§ Task item
Reproduce exactly the line containing "Apartments for sale in Les Gets" and each line after it until the listing ends, leaving pictures out.

§ Given data
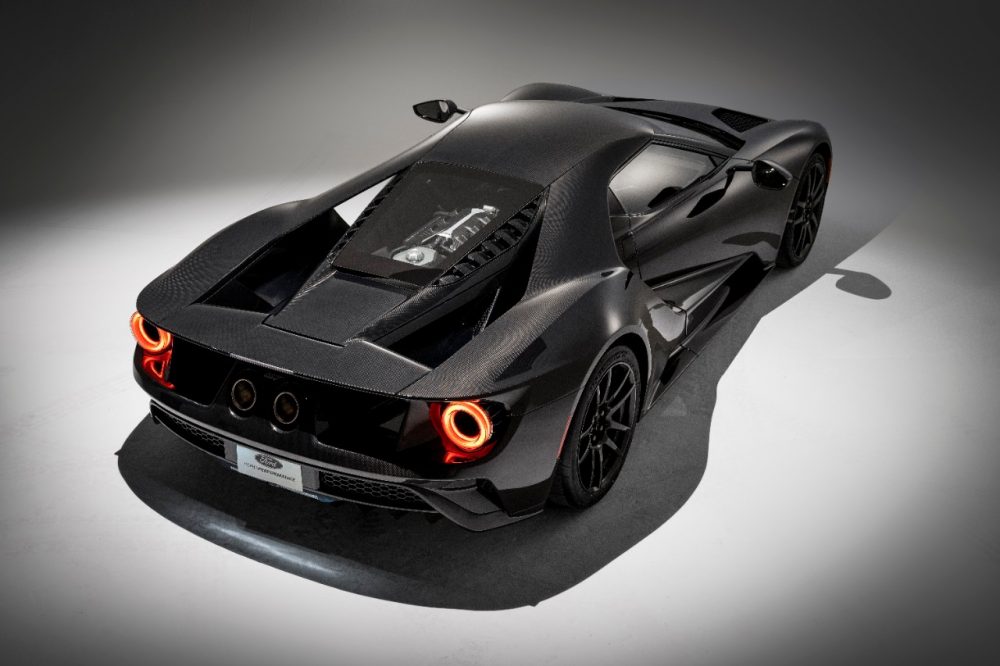 2020 Ford GT Liquid Carbon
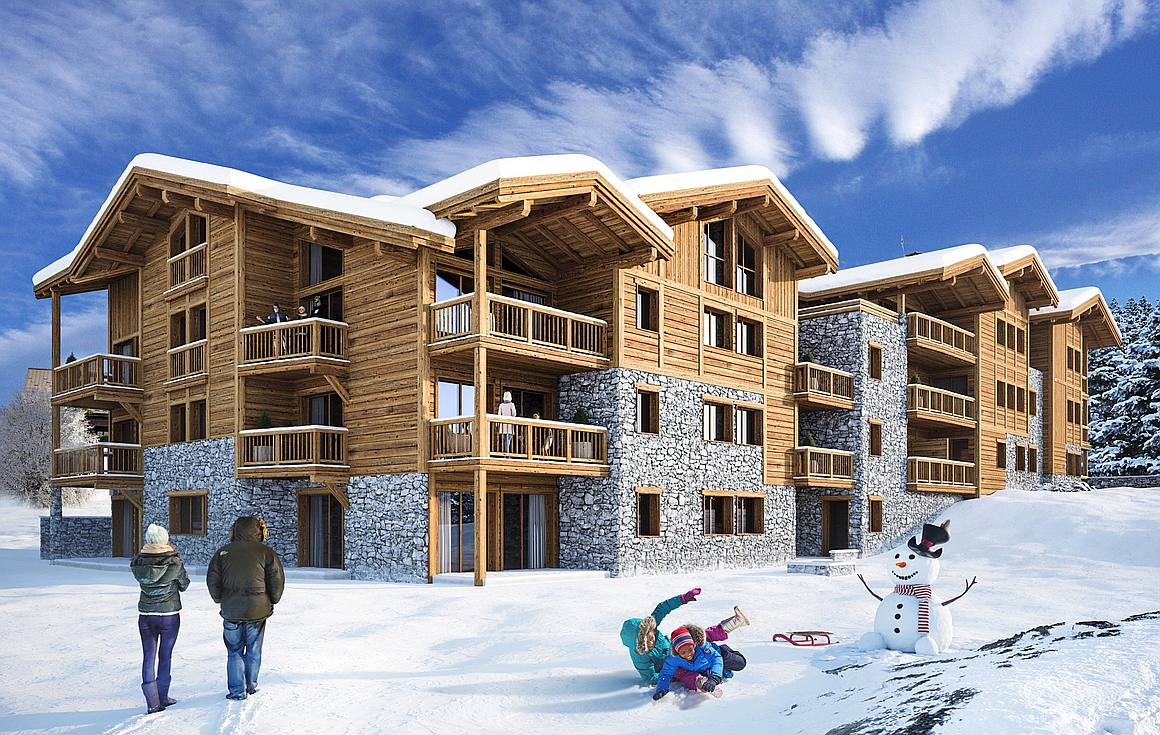 Apartments for sale in Les Gets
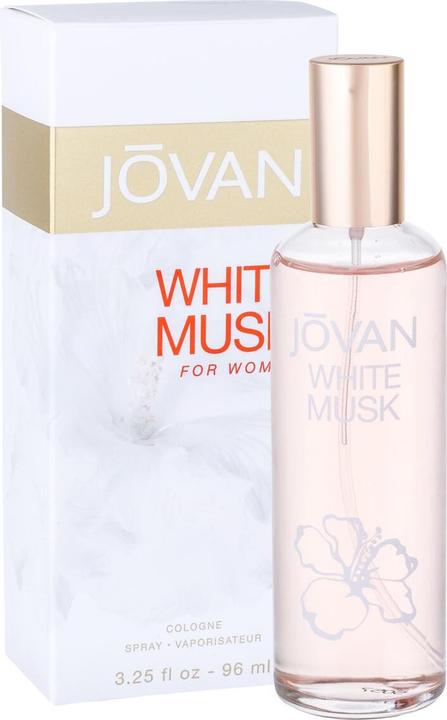Actual product image Jovan white musk (Eau de cologne, 95 ml)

§ The answer
 Apartments for sale in Les Gets
Actual product image Jovan white musk (Eau de cologne, 95 ml)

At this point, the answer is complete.